■ Supplied information ■

----------------------------------------

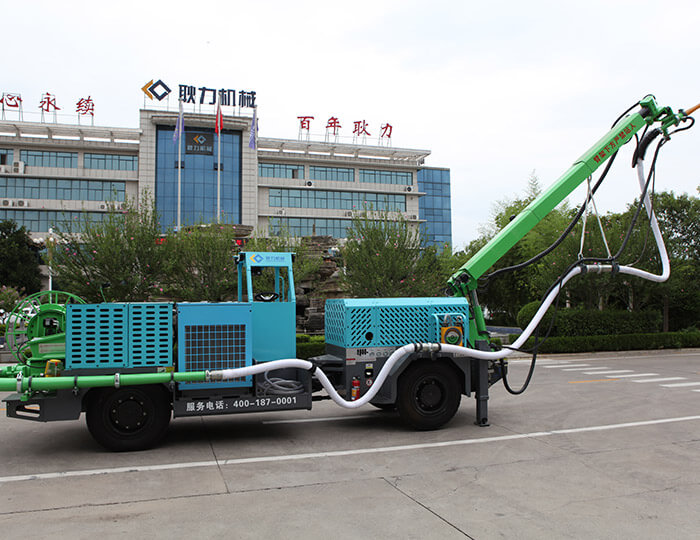 UPS-20JT Truck-mounted Robot Shotcrete Machine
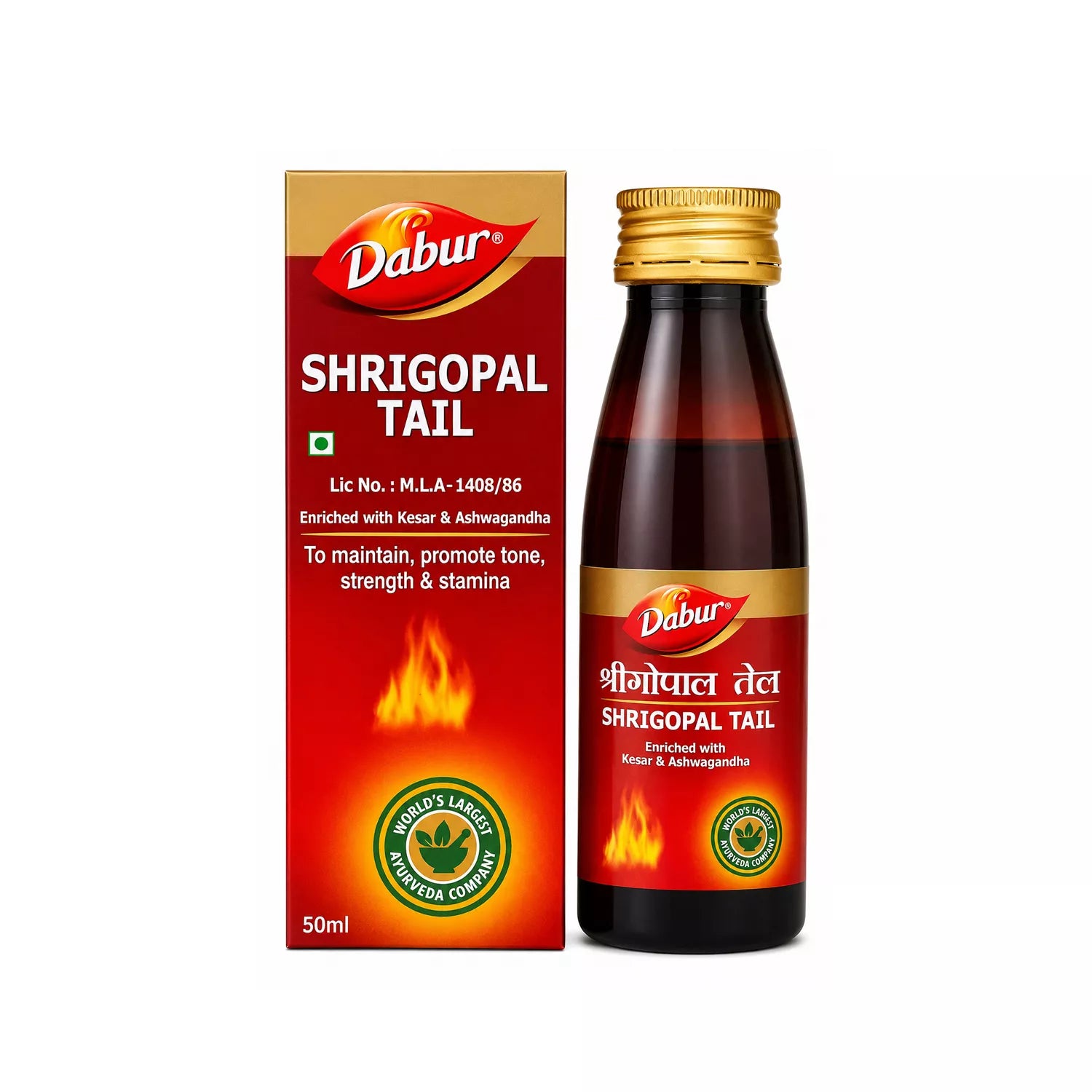 Dabur Shrigopal Tail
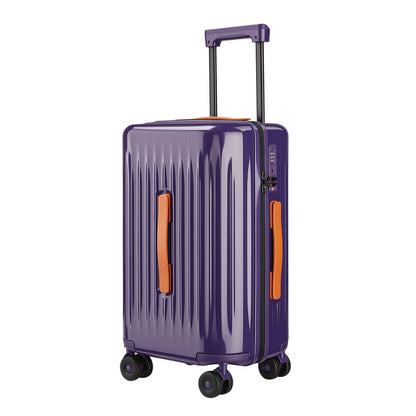 Solid-color High-capacity Casual Sports Suitcase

----------------------------------------

■ Task statement ■
No pictures belong in the copy. Retype exactly, and only, the lines from the line containing "Dabur Shrigopal Tail" through the last line of the data, both included.

■ Answer for this exercise ■
 Dabur Shrigopal Tail
 Solid-color High-capacity Casual Sports Suitcase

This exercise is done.